Why the Fed Didn't Try Harder on AIG

The article also includes fascinating terms like "backdoor bailout" and "misuse of assets", btw.


The Federal Reserve Bank of New York paid French banks 100 cents on the dollar to settle trades with American International Group Inc. in November 2008, the same month an AIG competitor negotiated payments of less than a third of that to retire similar bets.

The decision to pay in full came after France’s bank regulator insisted that Societe Generale SA and Credit Agricole SA’s Calyon unit would be violating French law if they accepted less than they were owed, the New York Fed told a special inspector general. The Fed, which had rescued the insurer two months earlier after the collapse of Lehman Brothers Holdings Inc., paid face value to all 16 of AIG’s counterparties, including Goldman Sachs Group Inc., a move that may have cost U.S. taxpayers as much as $43.5 billion.

French law didn’t stop Societe Generale and BNP Paribas SA from taking $1 billion to settle $3.5 billion of trades the same month with New York-based bond insurer Ambac Financial Group Inc., according to three people familiar with the matter.
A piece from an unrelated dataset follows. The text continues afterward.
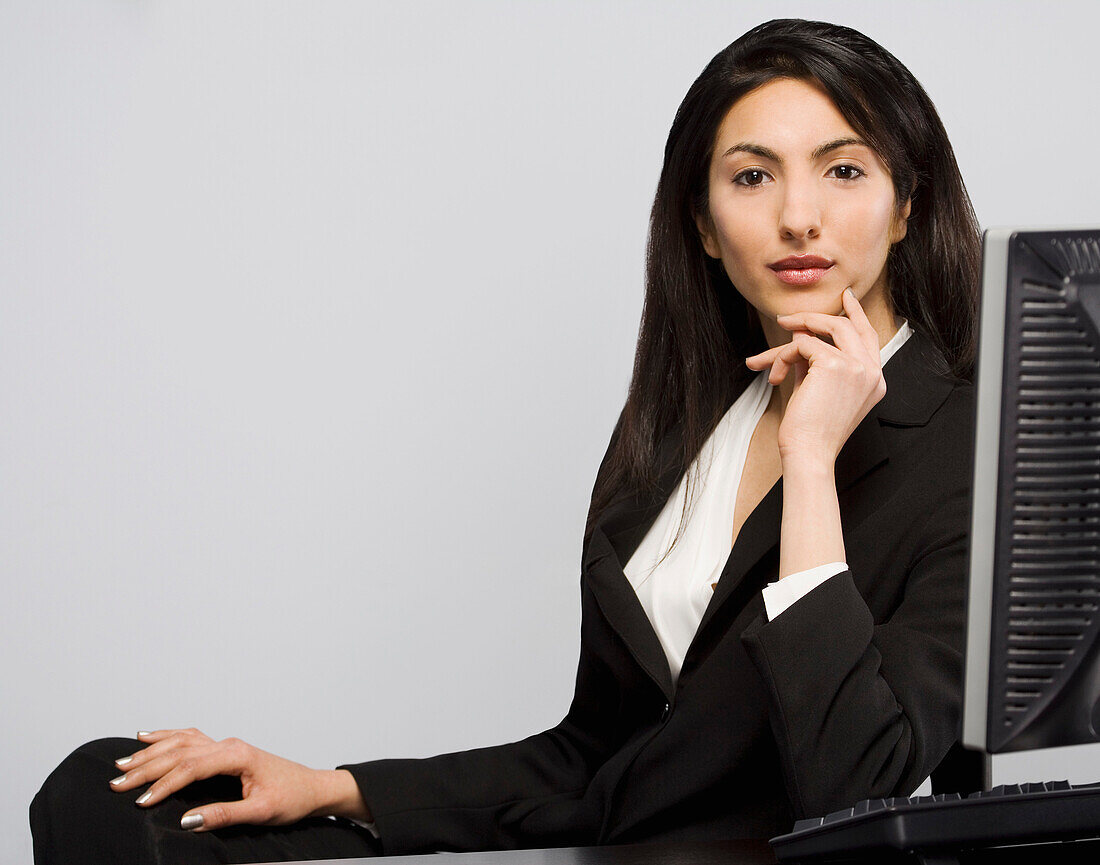 Woman Sitting At Computer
Ambac’s ability to negotiate a discount while the central bank of the world’s biggest economy didn’t adds another question for lawmakers as they examine the most contentious transaction of the government’s bailout of the U.S. banking system.

“The Fed could have tried a little harder to get the French banks to take less than 100 cents on the dollar,” said U.S. Representative Brad Miller, a North Carolina Democrat on the House Financial Services Committee, in an interview. “This creates the impression among the American people that the purpose was not to protect taxpayers or the economy but to protect the counterparty financial institutions.”

Well it is obvious what happened here, isn't it? The Fed didn't try because it didn't want to. One must evaluate what could have driven them to take over on AIG and arrange a 100% counterparty bailout. To determine that, it might be useful to look at who benefited from such an arrangement. Was it the taxpayer who was doing the bailing out? FAIL, try again. Was it Goldman Sachs who got $13 billion in taxpayer money? You're getting warmer, don't forget to peg the funny-looking elf asshat with the tax problem who arranged the whole thing.

Obvious yet?

Jr Deputy Accountant

Some say he’s half man half fish, others say he’s more of a seventy/thirty split. Either way he’s a fishy bastard.


Anonymous said...

L. Cassius ille quem populus Romanus verissimum et sapientissimum iudicem putabat identidem in causis quaerere solebat ‘cui bono’ fuisset.

The famous Lucius Cassius, whom the Roman people used to regard as a very honest and wise judge, was in the habit of asking, time and again, ‘To whose benefit?’

(Ecclesiastes 1:9-14 NIV) What has been will be again, what has been done will be done again; there is nothing new under the sun.